The second and third weeks are spent making approaches. Not mass emails. Targeted, considered approaches to specific individuals. The approach is tailored to who they are, what they are likely to care about, and how the role you are describing might genuinely be the right next step for them.

Of the people approached, a proportion will say no because they are genuinely happy. A proportion will ask for a conversation, which is where the real work begins. That conversation is about understanding their situation, understanding the role, and honestly assessing whether there is a fit. It is not a sales pitch. It is a mutual exploration.

From that process, a shortlist emerges. Not the best of who applied, but the best of who was identified. There is a fundamental difference.

What the 80 per cent respond to

If you want to reach the 80 per cent of the market that is not actively looking, you need to accept that they cannot be reached at scale. There is no clever piece of technology that fixes this. No job board, no AI tool, no mass outreach campaign. The 80 per cent respond to one thing and one thing only. A trusted, specific, personal approach from someone whose judgement they respect.

That is the real value of using a senior search consultant. Not the CV. The approach. Someone who has spent years building trust in the specific corner of the market you need to reach, and who can credibly frame your role to candidates who would never respond to an advert.

The economics of this look expensive on paper and cheap in practice. A search fee of £60,000 to £90,000 seems significant compared to the free cost of posting a job. But posting a job only reaches the active market. The search fee buys you access to the entire market, including the people who could actually transform your programme.

The right way to think about it is not "do I want to pay a search fee". It is "do I want to hire from 100 per cent of the candidate market or 20 per cent of it".

What this means for candidates

If you are a senior candidate reading this, there is a flip side worth internalising. The best roles rarely get advertised. The roles that do get advertised are often the ones that have failed to fill through better channels, or the ones where the hiring team does not yet understand they need to run a proper search.

If your career strategy is to watch the job boards and apply when something interesting comes up, you are working from the weakest end of the market. You are competing with the most active candidates for roles that have, in many cases, been left behind by better processes.

The better strategy is to make yourself findable through the networks that actually drive senior hiring.
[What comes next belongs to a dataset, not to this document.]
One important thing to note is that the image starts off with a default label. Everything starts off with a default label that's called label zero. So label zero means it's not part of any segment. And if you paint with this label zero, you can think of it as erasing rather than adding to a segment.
Build relationships with the senior search consultants who work in your space. Maintain a visible professional presence in the industry. Have conversations about your career before you need them. Be known by the people who get the briefs for the roles you would want.

That is the market you actually want to be in. Not the job board market.

The uncomfortable truth for hiring leaders

If you are a hiring leader who has been defaulting to job adverts for senior roles, I understand why. It feels efficient. It feels economical. It feels like you are being a good steward of your budget.

You are not. You are systematically excluding the strongest candidates in your market from your process, because they do not live in the channel you are searching. The saving you think you are making on the recruitment fee is being dwarfed by the opportunity cost of the hires you never got to consider.

Change the channel. Do the work to reach the 80 per cent. The shortlist will look entirely different, and the hire will be materially stronger.

At senior level in UK construction, the best candidates are never on the job boards. Go where they actually are. That is where the real market lives.